» **Your task**: One range is to be output from the listing below, exactly as written: the line with "Chair - Chair Idea Sid" to the line with "SAEL RẺ DỌN", both kept.

» **Supplied entries**:

§ §

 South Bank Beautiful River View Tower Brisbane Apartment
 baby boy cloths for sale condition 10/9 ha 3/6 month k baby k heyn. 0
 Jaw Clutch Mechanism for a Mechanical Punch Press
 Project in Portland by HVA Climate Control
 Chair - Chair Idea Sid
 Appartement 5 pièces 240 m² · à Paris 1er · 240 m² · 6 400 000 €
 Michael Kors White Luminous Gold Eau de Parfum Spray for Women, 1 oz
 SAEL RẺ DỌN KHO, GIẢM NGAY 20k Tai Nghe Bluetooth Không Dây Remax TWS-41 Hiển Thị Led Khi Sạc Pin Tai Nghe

§ §

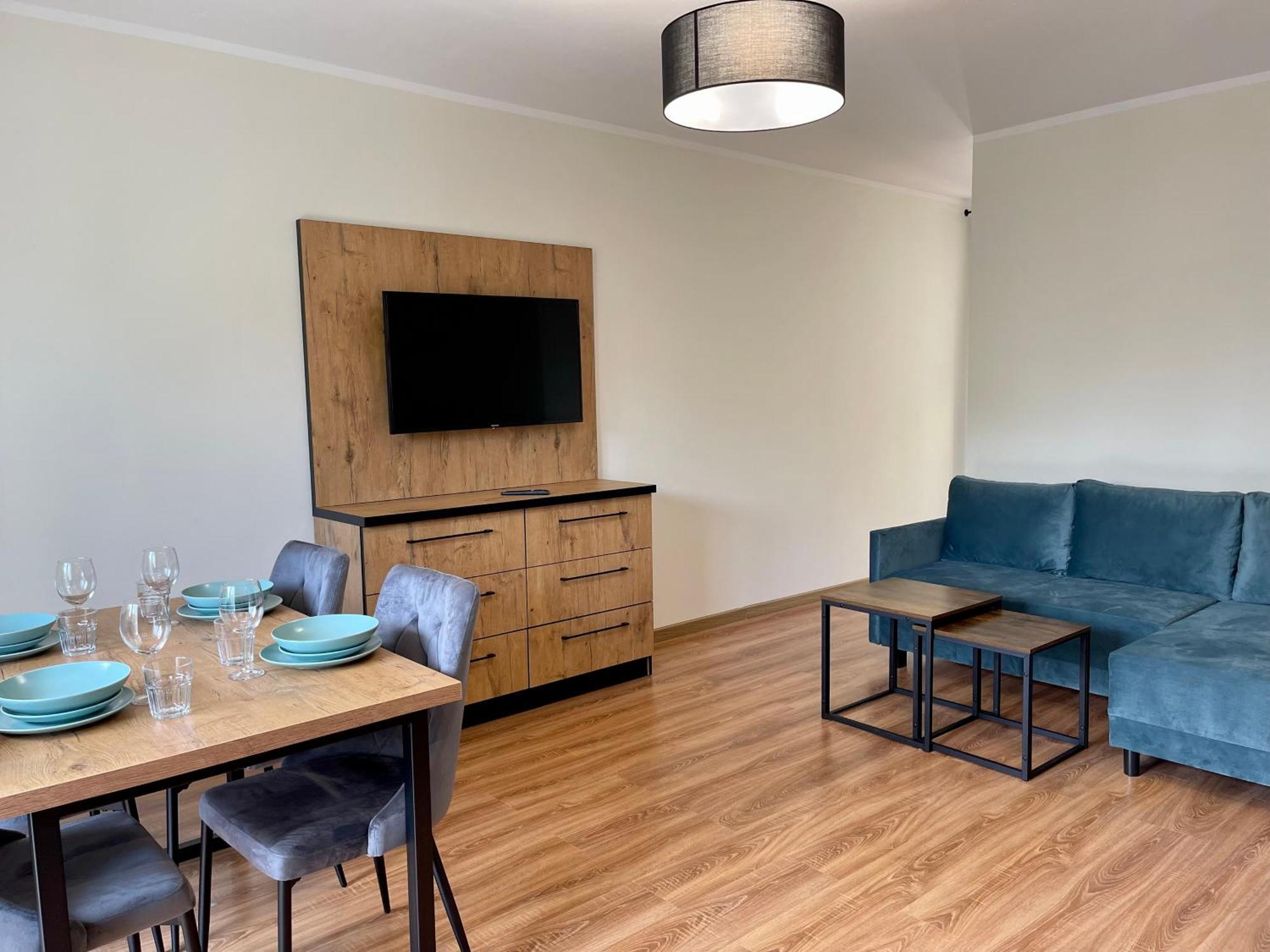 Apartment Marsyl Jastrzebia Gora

§ §

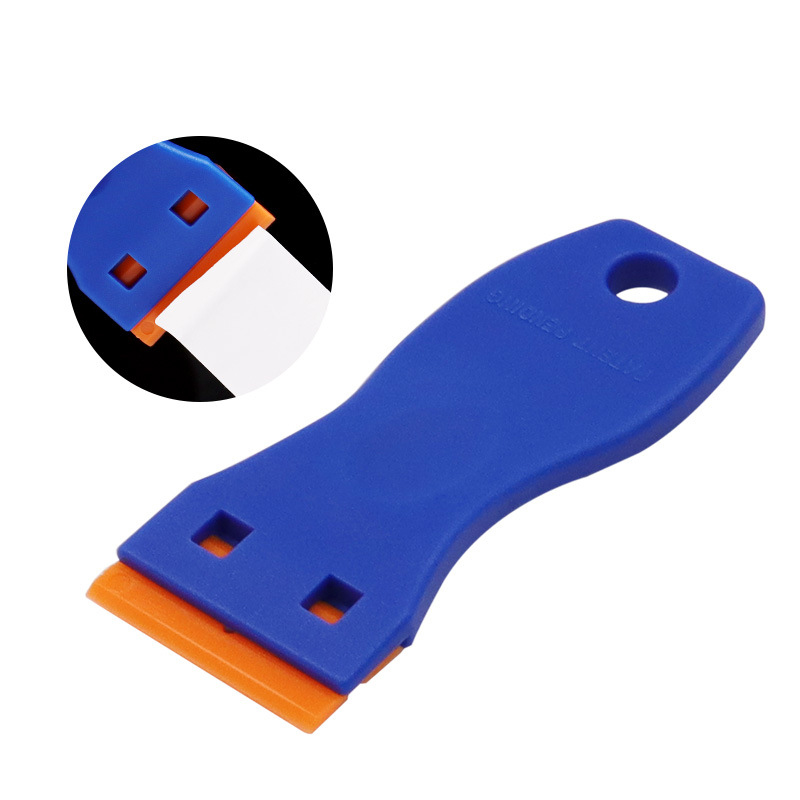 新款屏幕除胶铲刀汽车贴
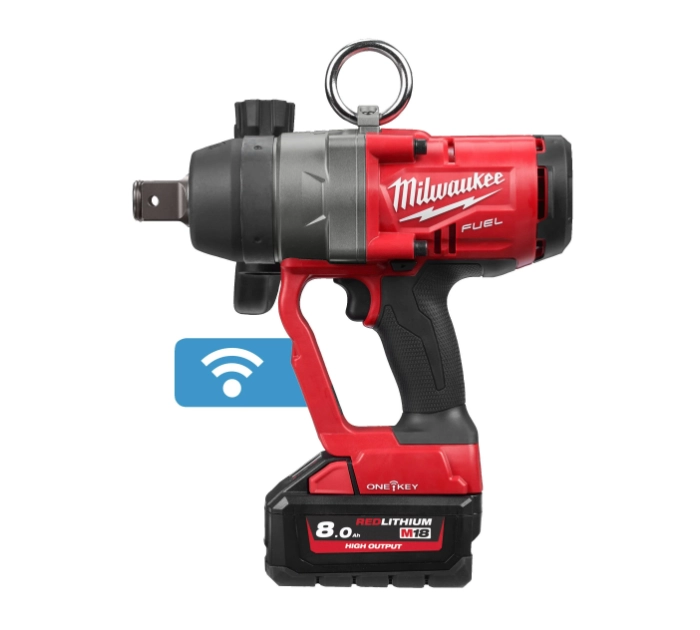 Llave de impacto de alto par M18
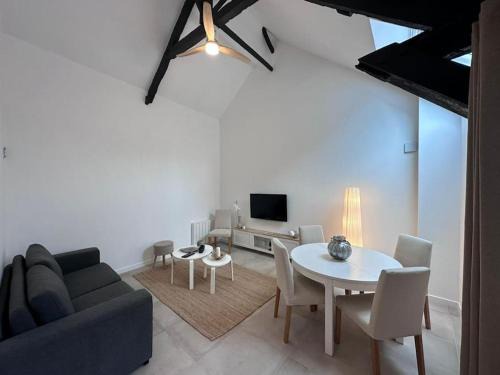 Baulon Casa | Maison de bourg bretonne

§ §

» **Response to this exercise**:
 Chair - Chair Idea Sid
 Appartement 5 pièces 240 m² · à Paris 1er · 240 m² · 6 400 000 €
 Michael Kors White Luminous Gold Eau de Parfum Spray for Women, 1 oz
 SAEL RẺ DỌN KHO, GIẢM NGAY 20k Tai Nghe Bluetooth Không Dây Remax TWS-41 Hiển Thị Led Khi Sạc Pin Tai Nghe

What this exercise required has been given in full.